◆ Task objective: Drop every picture, then print the rest of the listing exactly as given.

◆ Data excerpt:

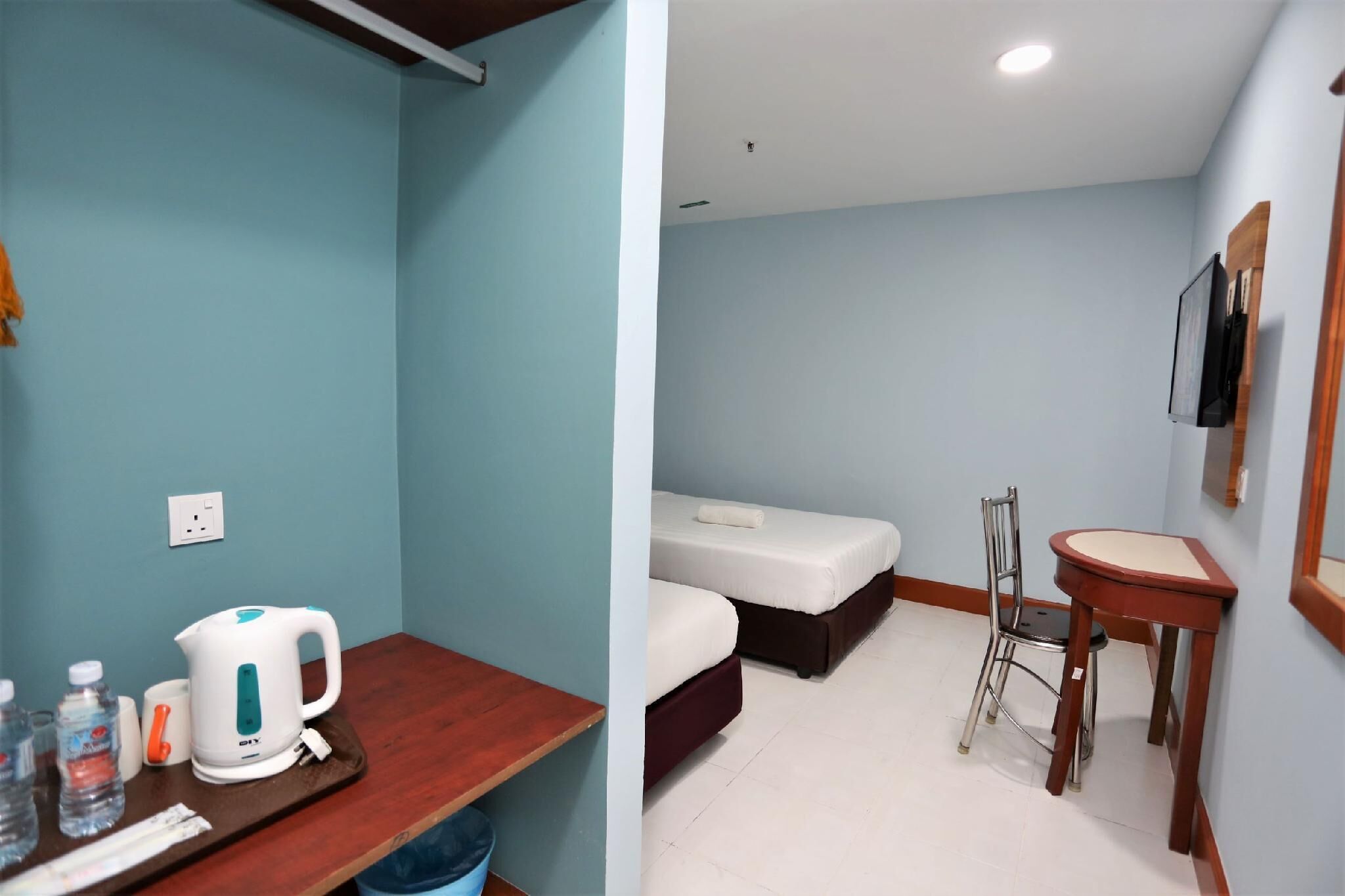 A room with a bed, a chair, a table, a kettle, and a TV.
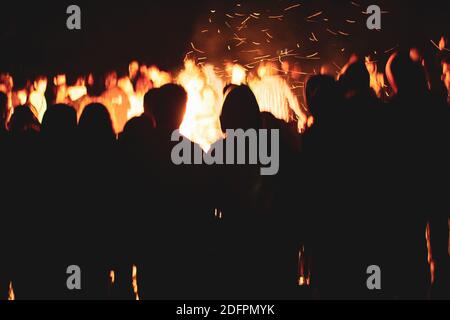 Moody and atmospheric image with people silhouetted against a fire on the beach during a cold summer night. Stock Photo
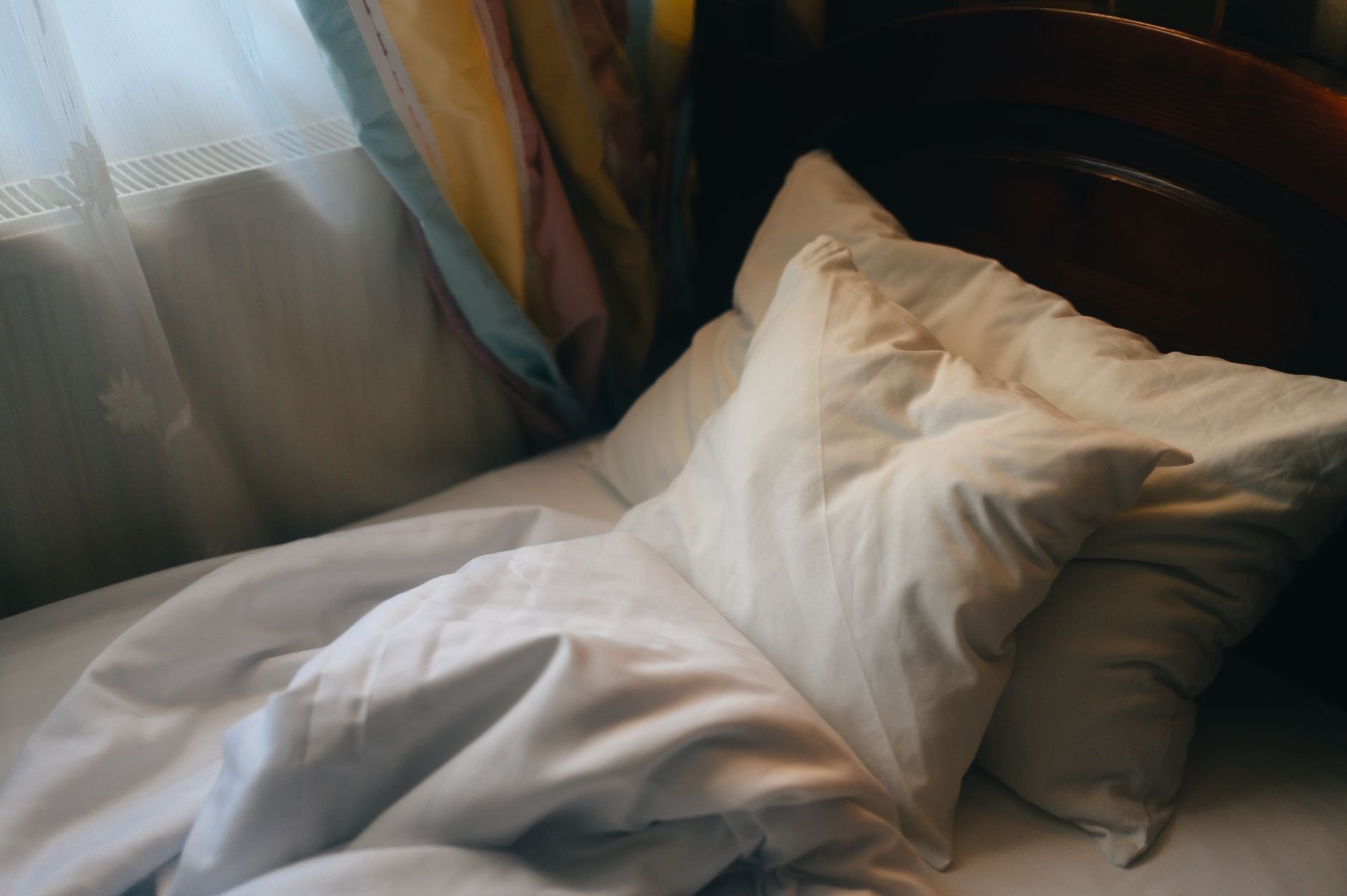 Inviting unmade bed with soft pillows in morning light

◆ Finished task:
 A room with a bed, a chair, a table, a kettle, and a TV.
 Moody and atmospheric image with people silhouetted against a fire on the beach during a cold summer night. Stock Photo
 Inviting unmade bed with soft pillows in morning light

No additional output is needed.